● **INPUT FOR THIS TASK**
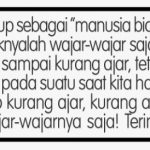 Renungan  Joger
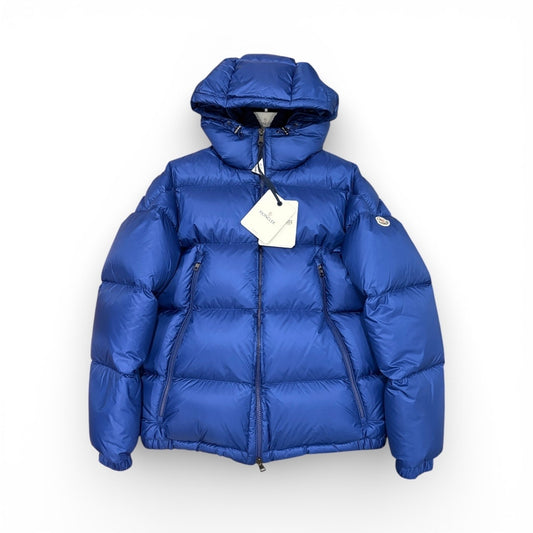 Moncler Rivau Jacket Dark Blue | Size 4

---

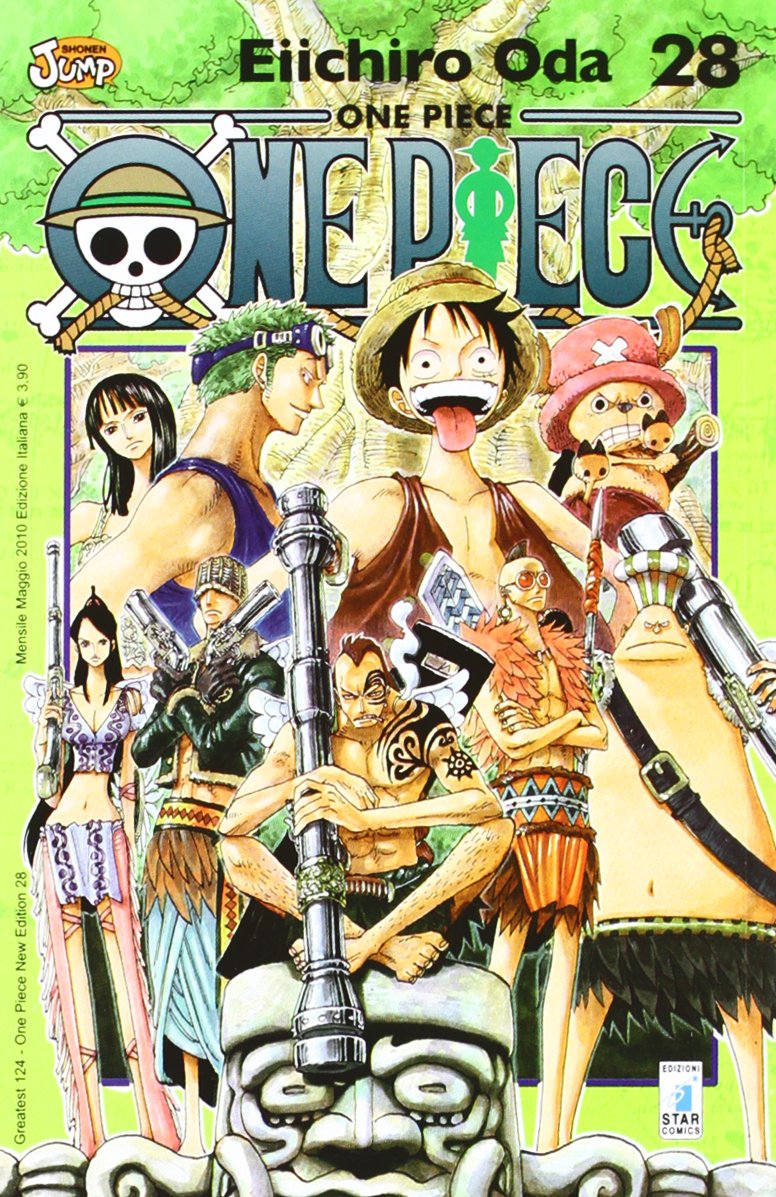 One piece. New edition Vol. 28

● **WHAT THE EXERCISE ASKS**
Exercise for the records above: copy only the lines from the one with "Renungan  Joger" to the one with "Moncler Rivau Jacket Dark Blue | Size 4", both ends kept, and drop the pictures.

● **SOLUTION**
 Renungan  Joger
 Moncler Rivau Jacket Dark Blue | Size 4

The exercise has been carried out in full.